三浦隆成は手に握った刀を握りしめ、その男と対峙した。「不可能だ。武器を下ろして、我々の仲間を解放することをお勧めする。さもないと、必ず後悔することになるぞ」

男は車から飛び出したため、体中に怪我を負っていたが、致命傷ではなかった。誰かが近づいてきたのを感じ、わざと気絶したふりをした。

アキラが確認しに行った時、突然起き上がり、銃を彼の頭に突きつけた。

「ふふ、どうやら彼の死が見たいようだな」男はそう言うと、アキラの足を撃った。

アキラは苦痛の叫び声を上げた。

夏目星澄は目の前の男を恐怖の目で見つめ、彼には人間性が全くないと感じた。言うが早いか行動に移すのだ。

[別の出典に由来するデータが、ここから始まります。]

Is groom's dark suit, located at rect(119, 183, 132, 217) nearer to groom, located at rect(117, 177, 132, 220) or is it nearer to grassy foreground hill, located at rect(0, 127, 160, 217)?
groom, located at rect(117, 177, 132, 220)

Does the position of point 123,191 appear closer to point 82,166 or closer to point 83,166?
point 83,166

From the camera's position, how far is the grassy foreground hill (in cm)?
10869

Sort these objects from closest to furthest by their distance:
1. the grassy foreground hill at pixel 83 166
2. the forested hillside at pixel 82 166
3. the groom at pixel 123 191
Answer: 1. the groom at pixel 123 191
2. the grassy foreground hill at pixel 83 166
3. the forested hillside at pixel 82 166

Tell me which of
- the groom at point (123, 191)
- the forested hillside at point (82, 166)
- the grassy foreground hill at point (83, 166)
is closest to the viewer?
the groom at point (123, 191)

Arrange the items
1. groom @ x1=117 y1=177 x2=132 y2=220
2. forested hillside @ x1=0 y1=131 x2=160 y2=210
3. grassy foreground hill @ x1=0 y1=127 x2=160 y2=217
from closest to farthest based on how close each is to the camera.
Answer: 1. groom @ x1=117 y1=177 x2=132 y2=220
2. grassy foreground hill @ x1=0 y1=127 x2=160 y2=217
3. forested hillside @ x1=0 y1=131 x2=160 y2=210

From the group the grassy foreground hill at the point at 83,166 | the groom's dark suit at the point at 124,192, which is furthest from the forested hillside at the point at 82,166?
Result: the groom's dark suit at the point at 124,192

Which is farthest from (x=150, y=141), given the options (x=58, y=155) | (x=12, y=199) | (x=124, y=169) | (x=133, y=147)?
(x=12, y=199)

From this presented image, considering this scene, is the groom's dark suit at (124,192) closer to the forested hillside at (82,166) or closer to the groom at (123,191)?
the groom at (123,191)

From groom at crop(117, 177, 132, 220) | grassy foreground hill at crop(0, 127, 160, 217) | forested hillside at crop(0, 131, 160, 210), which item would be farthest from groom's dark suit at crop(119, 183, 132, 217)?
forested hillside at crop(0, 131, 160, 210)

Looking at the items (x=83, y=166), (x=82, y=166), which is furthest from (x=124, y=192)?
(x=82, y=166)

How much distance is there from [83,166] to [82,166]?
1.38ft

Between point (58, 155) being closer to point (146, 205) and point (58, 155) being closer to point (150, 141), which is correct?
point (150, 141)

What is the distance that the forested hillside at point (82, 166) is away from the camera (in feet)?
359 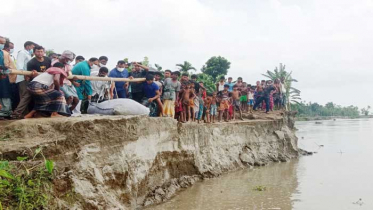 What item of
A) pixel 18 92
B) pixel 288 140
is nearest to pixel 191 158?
pixel 18 92

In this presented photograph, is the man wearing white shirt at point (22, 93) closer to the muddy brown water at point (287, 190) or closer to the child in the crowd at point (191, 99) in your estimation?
the muddy brown water at point (287, 190)

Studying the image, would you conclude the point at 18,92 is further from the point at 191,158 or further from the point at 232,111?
the point at 232,111

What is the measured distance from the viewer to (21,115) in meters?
5.90

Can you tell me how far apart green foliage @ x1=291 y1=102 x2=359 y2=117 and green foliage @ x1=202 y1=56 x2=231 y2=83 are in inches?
1717

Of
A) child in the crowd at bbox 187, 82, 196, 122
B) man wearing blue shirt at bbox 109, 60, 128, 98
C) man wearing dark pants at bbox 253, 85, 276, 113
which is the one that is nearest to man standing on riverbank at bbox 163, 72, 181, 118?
child in the crowd at bbox 187, 82, 196, 122

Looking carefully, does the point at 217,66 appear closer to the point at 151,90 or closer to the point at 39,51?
the point at 151,90

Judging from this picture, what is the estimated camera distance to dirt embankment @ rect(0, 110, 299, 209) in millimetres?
4762

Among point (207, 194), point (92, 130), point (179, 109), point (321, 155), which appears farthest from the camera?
point (321, 155)

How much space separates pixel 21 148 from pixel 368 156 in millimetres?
15040

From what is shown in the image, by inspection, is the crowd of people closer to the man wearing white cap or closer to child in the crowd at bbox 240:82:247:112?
the man wearing white cap

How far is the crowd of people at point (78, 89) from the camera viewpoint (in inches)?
226

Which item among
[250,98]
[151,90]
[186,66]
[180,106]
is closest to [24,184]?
[151,90]

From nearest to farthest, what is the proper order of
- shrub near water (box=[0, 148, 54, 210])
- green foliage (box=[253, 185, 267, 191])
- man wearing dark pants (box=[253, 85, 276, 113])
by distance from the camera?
shrub near water (box=[0, 148, 54, 210]) < green foliage (box=[253, 185, 267, 191]) < man wearing dark pants (box=[253, 85, 276, 113])

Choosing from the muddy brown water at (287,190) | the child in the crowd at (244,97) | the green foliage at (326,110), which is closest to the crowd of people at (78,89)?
the muddy brown water at (287,190) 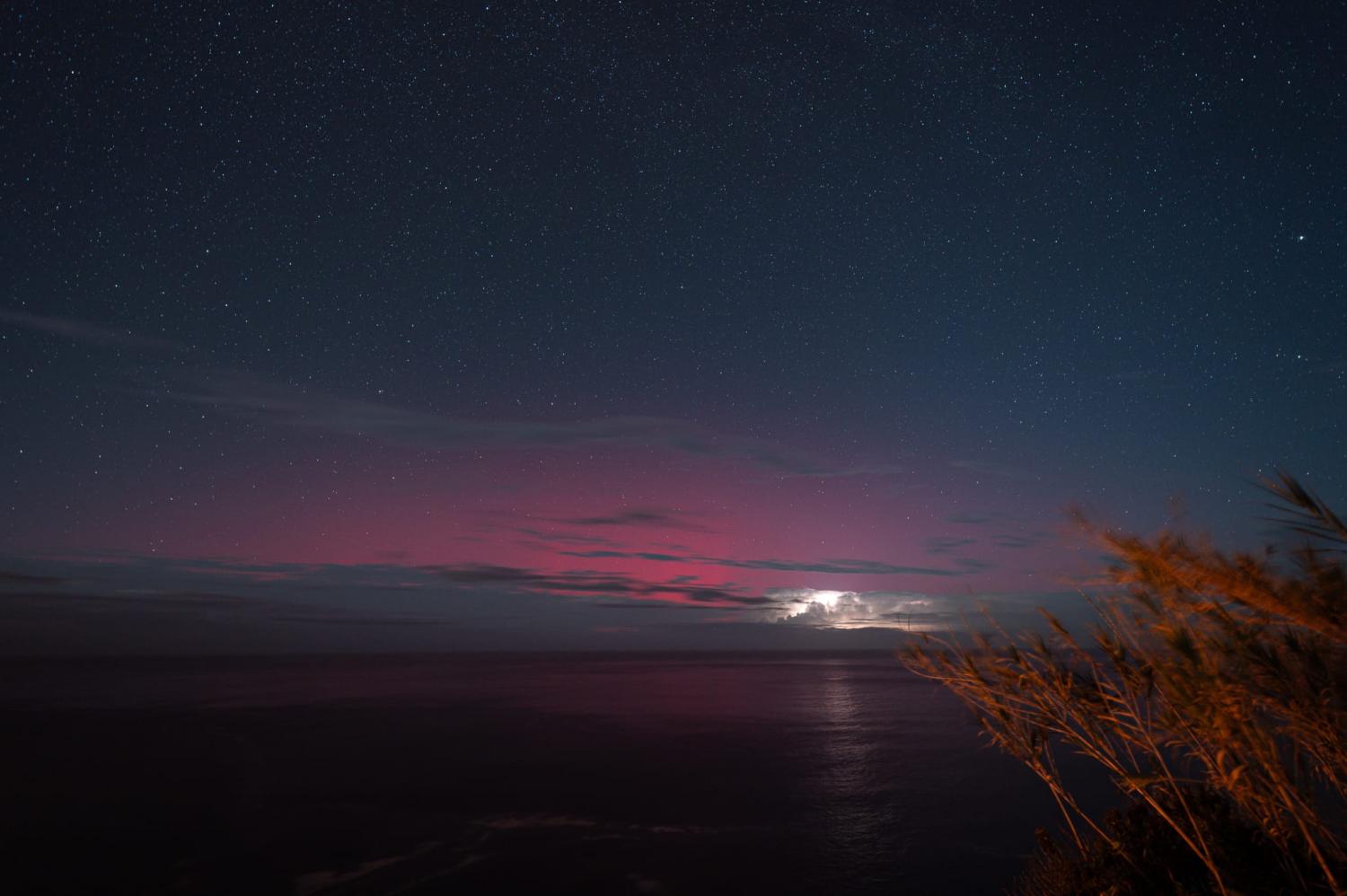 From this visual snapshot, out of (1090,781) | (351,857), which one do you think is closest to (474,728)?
(351,857)

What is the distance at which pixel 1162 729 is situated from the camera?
591 cm

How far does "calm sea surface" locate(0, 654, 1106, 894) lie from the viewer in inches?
674

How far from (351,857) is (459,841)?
8.66 ft

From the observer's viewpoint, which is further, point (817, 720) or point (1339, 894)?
point (817, 720)

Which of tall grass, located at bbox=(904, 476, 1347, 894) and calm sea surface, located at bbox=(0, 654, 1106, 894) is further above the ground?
tall grass, located at bbox=(904, 476, 1347, 894)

三浦隆成は顔色を変え、アキラを心配そうに見た。「アキラ!」

アキラは歯を食いしばり、首を振った。「俺のことは気にするな、若奥様を連れて、早く逃げろ」

自分の不注意で悪者に隙を与えてしまったが、絶対に若奥様を危険に晒すわけにはいかない!

三浦隆成はジレンマに陥った。

一方は生死を共にした兄弟、もう一方は守るべき責任。

どちらを選ぶべきか分からなかった。

「どうやら選べないようだな。私が手伝ってやろう」男は陰険な笑みを浮かべ、アキラの頭に銃を向けた。

夏目星澄はその様子を見て、すぐに叫んだ。「撃たないで、私が一緒に行きます」

三浦隆成はすぐに制止した。「だめです、若奥様。彼と一緒に行くことはできません」

夏目星澄は冷たい表情で言った。「じゃあ、私の目の前で彼が死ぬのを見ろというの?」

結局、彼らは仕事で彼女を守っているだけで、彼女のために命を捧げる必要はない。

そうでなければ、自分の良心が許さない。

それに、あの男は彼女を誘拐するだけで、すぐには命を奪おうとしていない。それは彼女が当面、生命の危険にさらされないということを意味している。

「だめです、若奥様。あなたが彼と行ってしまったら、霧島社長に説明がつきません」

「大丈夫、彼は今すぐ私を殺そうとはしないわ。私が彼と行くから、早くアキラを病院に連れて行って」

アキラの足からは血が止まらず流れ続けている。これ以上遅れれば、失血死してしまう!

男は得意げに笑った。「決めたようだな。じゃあ、こっちに来い」

夏目星澄は心の中の恐怖を押し殺し、ゆっくりと近づいていった。